==== Collected material
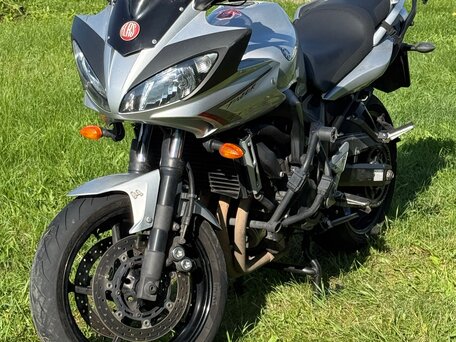 2008 Yamaha FZ6, серебристый, 340000 рублей, вид 1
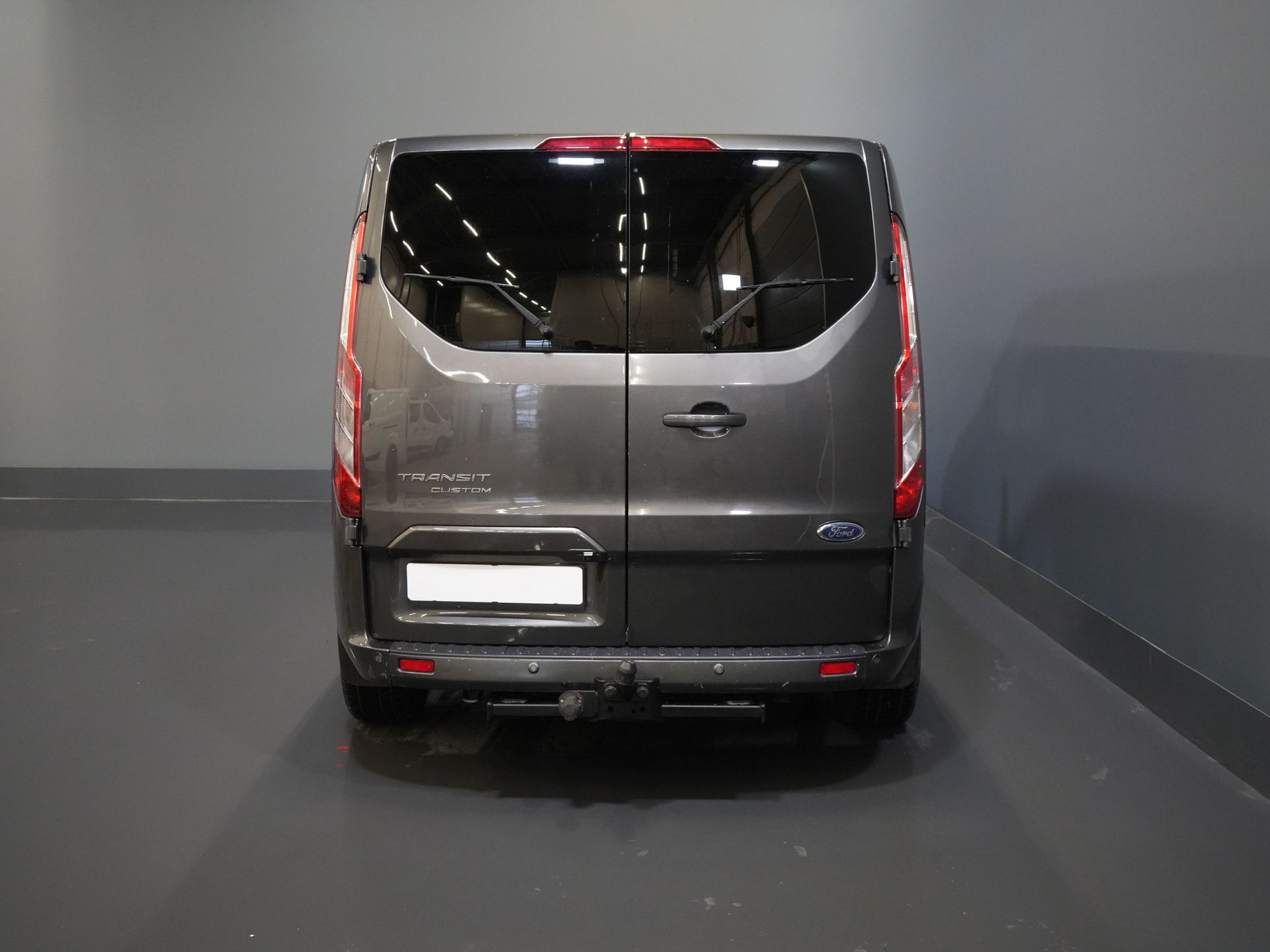 Ford Transit Custom Van 2.0 TDCI 170 CP E6 Aut. L2 Limited DC Double Cab BPM FREE 2x Ușă glisantă / Seatverw./ Navi / Cruise / Camera / PDC / cârlig de remorcare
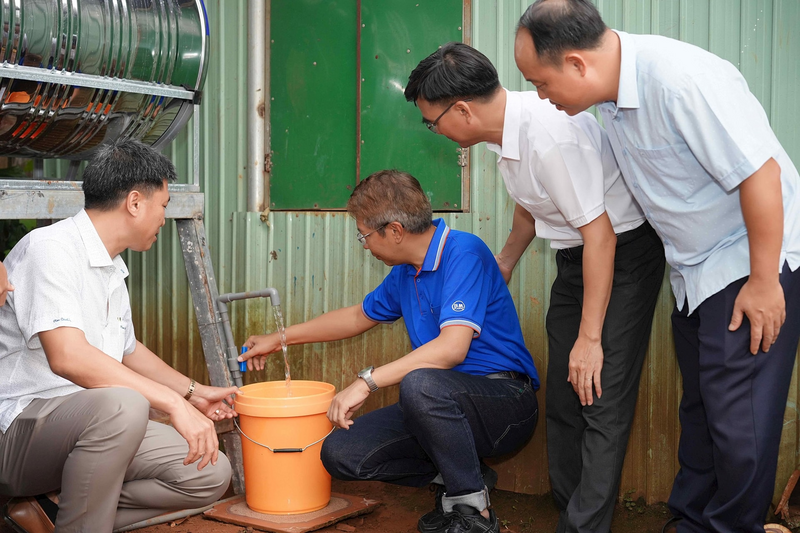 Nhiều hộ dân trong xã bày tỏ sự xúc động khi từ nay đã có nguồn nước sạch ổn định ngay tại bản, giúp sinh hoạt thuận tiện hơn, và đảm bảo nhu cầu thiết yếu của bà con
========
> **Exercise**
Repeat the listing above exactly, with no pictures.

> **Result**
 2008 Yamaha FZ6, серебристый, 340000 рублей, вид 1
 Ford Transit Custom Van 2.0 TDCI 170 CP E6 Aut. L2 Limited DC Double Cab BPM FREE 2x Ușă glisantă / Seatverw./ Navi / Cruise / Camera / PDC / cârlig de remorcare
 Nhiều hộ dân trong xã bày tỏ sự xúc động khi từ nay đã có nguồn nước sạch ổn định ngay tại bản, giúp sinh hoạt thuận tiện hơn, và đảm bảo nhu cầu thiết yếu của bà con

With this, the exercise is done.